Я попыталась перестать об этом думать и переключиться на мадам де Лодэ. Как же она непохожа на свою дочь. С чувством собственного достоинства, уравновешенная, единственной эксцентричной чертой ее характера являлась экономия, доводимая порой до абсурда. Одним из призраков, преследующих этот дом, была Бедность.

Она улыбнулась.

– Вы очень спокойная, мисс Бретт, – произнесла она. – Мне это нравится.

– Я рада, что кажусь такой, – ответила я.

Если бы она умела читать чужие мысли, то изменила бы свое мнение обо мне.

– Боюсь, что моя дочь сильно больна. Она сама доводит себя до приступов.

– Боюсь, что вы правы.

– Поэтому она постоянно нуждается в сиделке.

– Лучше сиделки вам не найти, – отозвалась я.

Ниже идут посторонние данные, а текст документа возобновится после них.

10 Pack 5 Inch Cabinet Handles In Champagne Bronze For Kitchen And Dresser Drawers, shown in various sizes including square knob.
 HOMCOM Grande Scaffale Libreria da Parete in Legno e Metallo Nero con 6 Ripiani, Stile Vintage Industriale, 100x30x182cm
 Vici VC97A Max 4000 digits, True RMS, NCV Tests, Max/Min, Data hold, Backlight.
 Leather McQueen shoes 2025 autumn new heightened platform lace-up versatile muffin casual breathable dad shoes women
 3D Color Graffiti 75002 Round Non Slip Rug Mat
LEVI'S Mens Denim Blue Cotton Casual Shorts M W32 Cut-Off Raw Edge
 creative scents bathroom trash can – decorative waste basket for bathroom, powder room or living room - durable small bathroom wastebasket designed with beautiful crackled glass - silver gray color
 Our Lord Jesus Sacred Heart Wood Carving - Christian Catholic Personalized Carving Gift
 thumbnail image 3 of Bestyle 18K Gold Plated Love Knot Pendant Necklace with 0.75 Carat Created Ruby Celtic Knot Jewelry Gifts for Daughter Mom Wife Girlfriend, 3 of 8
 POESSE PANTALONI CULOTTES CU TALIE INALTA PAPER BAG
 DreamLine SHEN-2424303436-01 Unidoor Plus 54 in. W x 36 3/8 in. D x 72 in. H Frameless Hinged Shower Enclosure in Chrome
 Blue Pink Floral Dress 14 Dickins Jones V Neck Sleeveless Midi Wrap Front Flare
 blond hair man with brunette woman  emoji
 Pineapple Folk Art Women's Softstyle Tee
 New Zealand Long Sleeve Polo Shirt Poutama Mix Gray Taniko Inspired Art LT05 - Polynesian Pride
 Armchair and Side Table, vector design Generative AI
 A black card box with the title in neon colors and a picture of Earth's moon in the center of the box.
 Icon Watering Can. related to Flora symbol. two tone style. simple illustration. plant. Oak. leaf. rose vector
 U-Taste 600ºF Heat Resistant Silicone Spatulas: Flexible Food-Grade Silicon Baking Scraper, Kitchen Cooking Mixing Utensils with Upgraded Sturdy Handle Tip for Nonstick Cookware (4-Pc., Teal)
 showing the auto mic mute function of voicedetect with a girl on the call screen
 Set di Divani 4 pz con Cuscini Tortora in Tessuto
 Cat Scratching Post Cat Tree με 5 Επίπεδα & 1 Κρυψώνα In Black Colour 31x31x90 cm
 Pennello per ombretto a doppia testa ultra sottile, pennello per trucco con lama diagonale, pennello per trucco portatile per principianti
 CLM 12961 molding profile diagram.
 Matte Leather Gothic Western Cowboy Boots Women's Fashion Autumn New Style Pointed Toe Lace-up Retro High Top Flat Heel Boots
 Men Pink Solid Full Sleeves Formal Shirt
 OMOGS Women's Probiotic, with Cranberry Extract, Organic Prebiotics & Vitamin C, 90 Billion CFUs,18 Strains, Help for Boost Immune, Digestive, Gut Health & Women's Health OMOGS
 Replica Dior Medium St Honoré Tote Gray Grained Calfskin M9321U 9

– Сестра Ломан настолько опытна, насколько и привлекательна. Я искренне согласилась с ней.

– Вы так ее любите… а она вас. Приятно иметь друга.

– Она была по-настоящему добра ко мне.

– А вы к ней?

– Нет. Боюсь, что мне не представилась возможность ей помочь. А мне бы так хотелось что-нибудь сделать для нее.

Она улыбнулась.

– Я рада, что вы приехали. Вы нужны Эдварду, а сестра Ломан нужна моей дочери. Хотела бы я знать, останетесь ли вы…

Ее глаза смотрели на меня задумчиво.

– Трудно загадывать, – уклонилась я от ответа.

– Должно быть, вам все здесь кажется непривычным.

– Да.

– Вы считаете нас… примитивными?

– Я не ожидала здесь увидеть культурный центр.

– Вероятно, вы скучаете по дому?

Я вспомнила ущелье и дома на противоположной стороне, вспомнила замок Кредитон, и старые мощеные улицы Лангмаута, а также новую часть города, которая выросла благодаря любезности сэра Эдварда, который, помимо своих любовных историй, стал миллионером и дал процветание городу. Даже служанка леди жила в доме, как леди, а белошвейка получала собственный доход, и ее сын был принят в компанию.

Мне так захотелось перенестись туда, вдохнуть холодный чистый морской воздух, увидеть доки, паруса катеров и клиперов, плывущих бок о бок с новыми современными пароходами такими, как «Безмятежная леди».

– Наверное, любой человек скучает по дому, когда находится вдали от него.

Она стала расспрашивать меня о Лангмауте и скоро перевела разговор на замок Кредитон. Ее сильно интересовали подробности жизни в замке, и она не скрывала своего восхищения леди Кредитон.

Сидеть за столом не имело смысла. Мы обе мало ели. Я с тоской поглядела на остатки рыбы, с которой увижусь завтра.